I was going to add reviews on each model but ran out of steam. Some users have messaged me saying the comparisons are still helpful to them in getting a sense of how different models respond to the same prompt and how temperature affects the same models output on the same prompt.

Hey, this is pretty insightful! Wonder if, in the course of researching to build this website you reached any conclusions as to what’s the AI assistant currently ahead.
I can confirm, it's still very helful, thank you!
the gradio ui looks ugly imo, that's why I used shadcn and next.js to make the website look good.

I'll try to make it as user-friendly as possible.
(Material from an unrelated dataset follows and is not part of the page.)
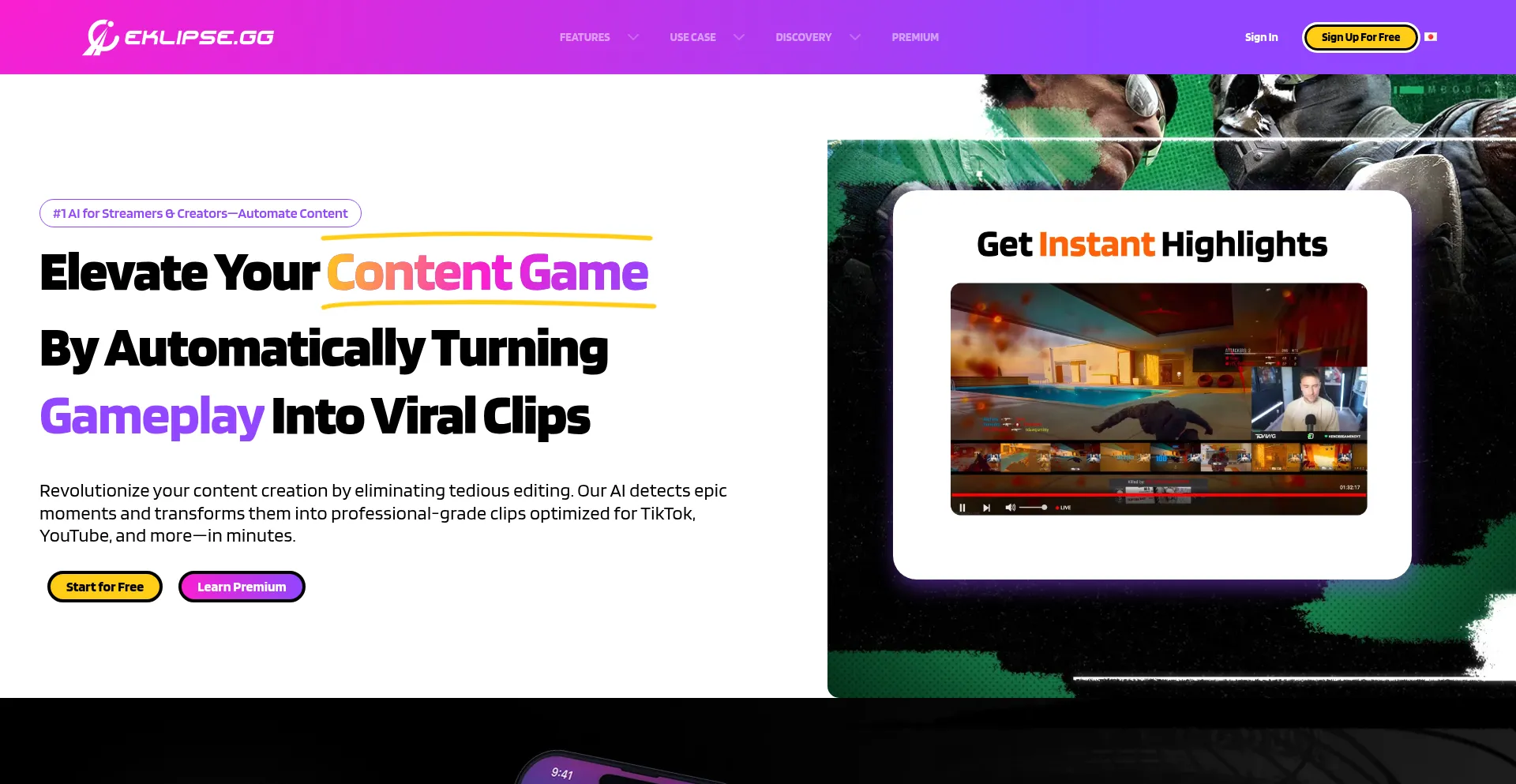 Website screenshot of Eklipse.gg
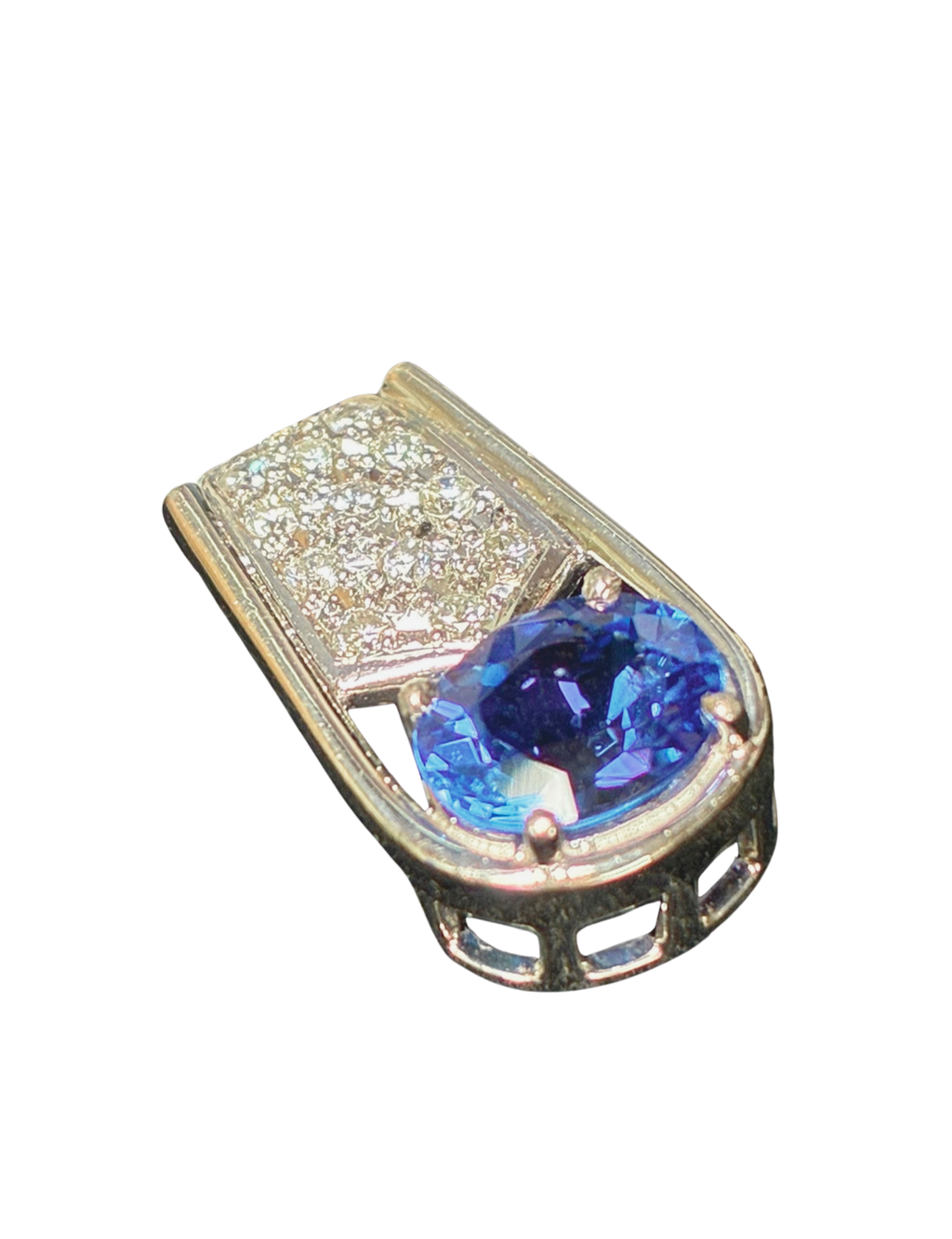 PT900 Tanzanite And Diamonds Pendant 5.8G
Most of the websites are ugly + too technical.

I want to point out you dodged the data question, and there's a reason for it.

I like your work visually on first glance, god knows you're right about gradio, even if its irrelevant.

But peddling extremely limited, out of date, versions of other people's data, trumps that, especially with this tagline. "A website to compare every AI model: LLMs, TTSs, STTs"

It is a handful of LLMs, then one TTS model, then one STT model, both with 0 data. And it's worth pointing out, since this endeavor is motivated by design trumping all: all the columns are for LLM data.

now imagine going one step further and actually running a prompt across every AI model and showing you the best answer and the AI model that generated it
Who decides what the best answer is?
the user who runs the prompt?
Those tools exist, they do not need to be imagined. Look into the related comments. Also they do little, but increase the labor of getting an answer. Not exactly an improvement of AI for the user to spend more time reviewing AI answers.